* [GIVEN MATERIAL]:
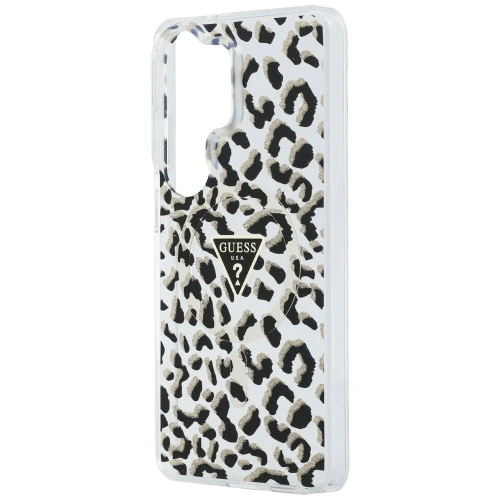 Etui Guess IML Leopard Print Triangle MagSafe do Samsung Galaxy S26 Ultra czarny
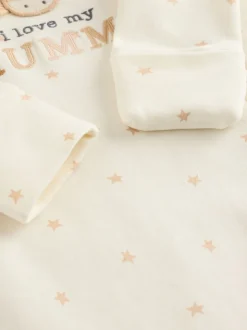 Ecru I Love My Mummy - Babypyjama met tweewegrits (0-18mnd)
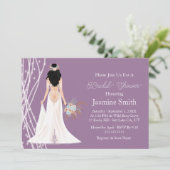 ボホブラックヘアブライド真珠ブライダルシャワーP 招待状 (スタンド正面)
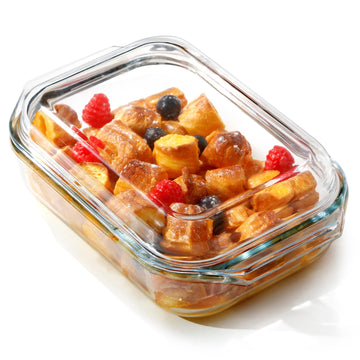 1.4QT Small Glass Casserole Dish With Lid, 8.5×6.1in Rectangular Casserole Dish for Oven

* [ABOUT THIS TASK]: Transcribe the lines above exactly, setting aside any picture among them.

* [RESPONSE BOX]:
 Etui Guess IML Leopard Print Triangle MagSafe do Samsung Galaxy S26 Ultra czarny
 Ecru I Love My Mummy - Babypyjama met tweewegrits (0-18mnd)
 ボホブラックヘアブライド真珠ブライダルシャワーP 招待状 (スタンド正面)
 1.4QT Small Glass Casserole Dish With Lid, 8.5×6.1in Rectangular Casserole Dish for Oven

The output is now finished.